On the federal level, employer-only taxes include Social Security tax, Medicare tax, and federal unemployment (or FUTA) tax, which are administered by the Internal Revenue Service (IRS). On the state level, employers are on the hook for state unemployment (or SUTA) tax, which is administered by the state workforce agency.

Although these employer payroll taxes may be commonly known, others, such as employment training tax and transit payroll tax, are less prevalent because they are based on location. Let’s take a closer look at what employers may be responsible for when it comes to their portion of payroll taxes.

Social Security and Medicare Taxes

Both employers and employees are subject to Social Security and Medicare taxes. For 2018, employers and employees pay Social Security tax at 6.2 percent, up to the annual wage limit of $128,400. They also pay Medicare tax at 1.45 percent, on all wages.

Employers remit their portion of Social Security and Medicare taxes plus their employees’ Social Security tax, Medicare tax, and federal income tax withholdings, together, to the IRS, either monthly or semiweekly. Most employers file quarterly wage and tax reports with the IRS on Form 941.

You might be allowed to file your reports annually, on Form 944, if your total tax liabilities equal $1,000 or less for the year. Total tax liabilities include your share of Social Security and Medicare taxes plus your employees’ federal withholdings.

Federal Unemployment Tax

Generally, employers are liable for FUTA tax if they paid $1,500 or more in wages for the calendar year. For 2018, employers pay FUTA tax at 6 percent on the first $7,000 paid to each employee. But, if you meet the requirements, you can take a maximum credit of 5.4 percent against your FUTA tax, which reduces your FUTA rate to 0.6 percent.

Employers typically must remit FUTA tax to the IRS by the final day of the first month that comes after the end of the quarter, plus file annual reports on Form 940 by January 31.

State Unemployment Tax

Employers pay SUTA tax on wages paid to each employee, up to the annual wage limit, at the rate determined by the state workforce agency. SUTA tax rates usually are based on whether the employer is new or experienced and on the employer’s industry. Most employers must file quarterly wage and tax reports with the state workforce agency. But, exceptions may exist. For example, domestic employers often are required to file annual, not quarterly, reports.

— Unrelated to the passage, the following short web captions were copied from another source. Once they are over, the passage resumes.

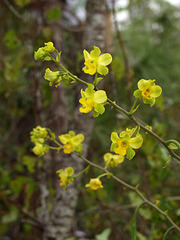 Cyrtopodium andersonii (Anderson's Cyrtopodium orchid)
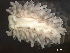  ( - HMSC174_03170)  @11 [ ] by-nc-sa  Unspecified Huntsman Marine Science Centre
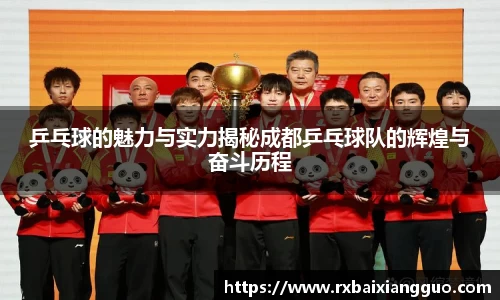 乒乓球的魅力与实力揭秘成都乒乓球队的辉煌与奋斗历程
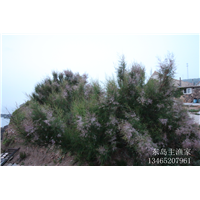 鸡鸣岛渔家乐 
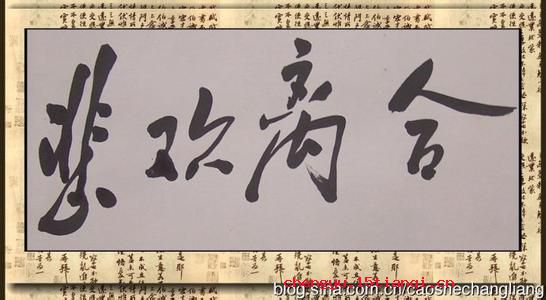 悲欢离合的成语故事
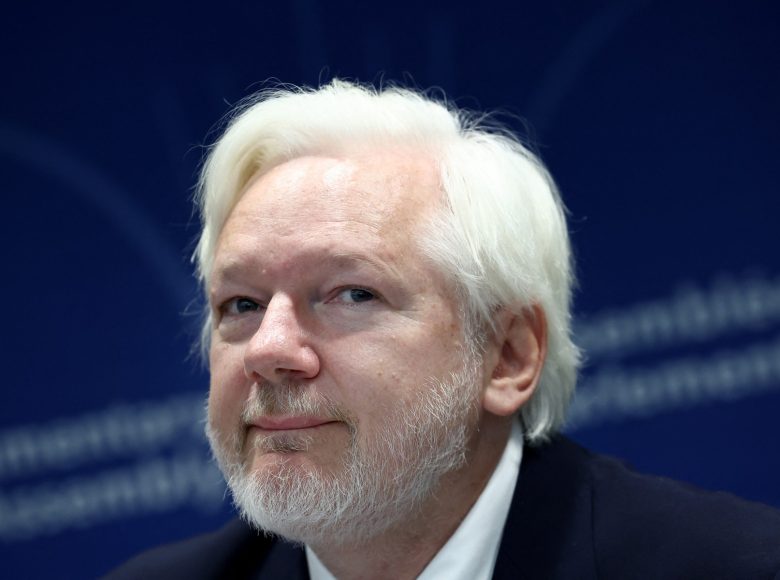 WikiLeaks founder Julian Assange speaks during a parliamentary hearing at the Council of Europe in Strasbourg, eastern France, on October 1, 2024. (Photo by FREDERICK FLORIN / AFP)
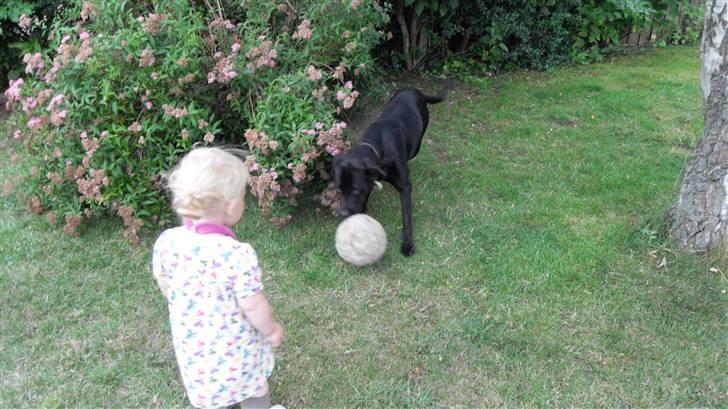 Blanding af racer Bella - bor hos eks. billede 15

Other Employer Payroll Taxes

Although many employers are liable only for Social Security tax, Medicare tax, FUTA tax, and SUTA tax, others aren’t so lucky. Employers in California also must pay and report employment training tax—at 0.1 percent on the first $7,000 paid to each employee, for 2018—to the state’s Employment Development Department. Certain districts in Oregon require employers to pay and report transit payroll tax to the Oregon Department of Revenue.